Codeforces Contest 1093 problem E Intersection of Permutations——CDQ分治

You are given two permutations a and b, both consisting of n elements. Permutation of n elements is such a integer sequence that each value from 1 to n appears exactly once in it.

You are asked to perform two types of queries with them:

1 la ra lb rb — calculate the number of values which appear in both segment [la;ra] of positions in permutation a and segment [lb;rb] of positions in permutation b;
2 x y — swap values on positions x and y in permutation b.
Print the answer for each query of the first type.

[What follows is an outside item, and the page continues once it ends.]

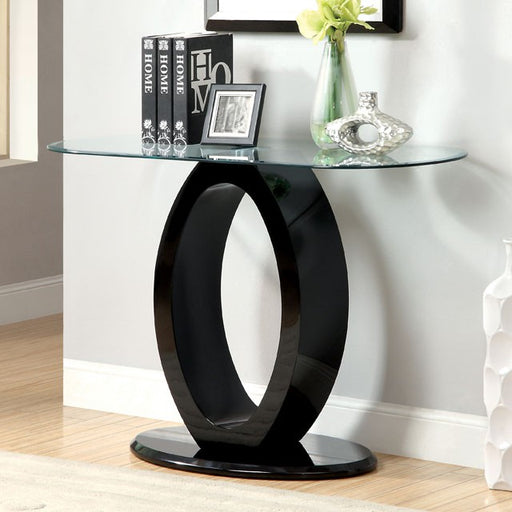 LODIA III Black Sofa Table, Black - Premium Sofa Table from FOA East - Just $349.05! Shop now at Furniture Wholesale Plus  We are the best furniture store in Nashville, Hendersonville, Goodlettsville, Madison, Antioch, Mount Juliet, Lebanon, Gallatin, Springfield, Murfreesboro, Franklin, Brentwood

It is guaranteed that there will be at least one query of the first type in the input.

Input
The first line contains two integers n and m (2≤n≤2⋅105, 1≤m≤2⋅105) — the number of elements in both permutations and the number of queries.

The second line contains n integers a1,a2,…,an (1≤ai≤n) — permutation a. It is guaranteed that each value from 1 to n appears in a exactly once.

The third line contains n integers b1,b2,…,bn (1≤bi≤n) — permutation b. It is guaranteed that each value from 1 to n appears in b exactly once.

Each of the next m lines contains the description of a certain query. These are either:

1 la ra lb rb (1≤la≤ra≤n, 1≤lb≤rb≤n);
2 x y (1≤x,y≤n, x≠y).
Output
Print the answers for the queries of the first type, each answer in the new line — the number of values which appear in both segment [la;ra] of positions in permutation a and segment [lb;rb] of positions in permutation b.

Example
inputCopy
6 7
5 1 4 2 3 6
2 5 3 1 4 6
1 1 2 4 5
2 2 4
1 1 2 4 5
1 2 3 3 5
1 1 6 1 2
2 4 1
1 4 4 1 3
outputCopy
1
1
1
2
0
Note
Consider the first query of the first example. Values on positions [1;2] of a are [5,1] and values on positions [4;5] of b are [1,4]. Only value 1 appears in both segments.

After the first swap (the second query) permutation b becomes [2,1,3,5,4,6].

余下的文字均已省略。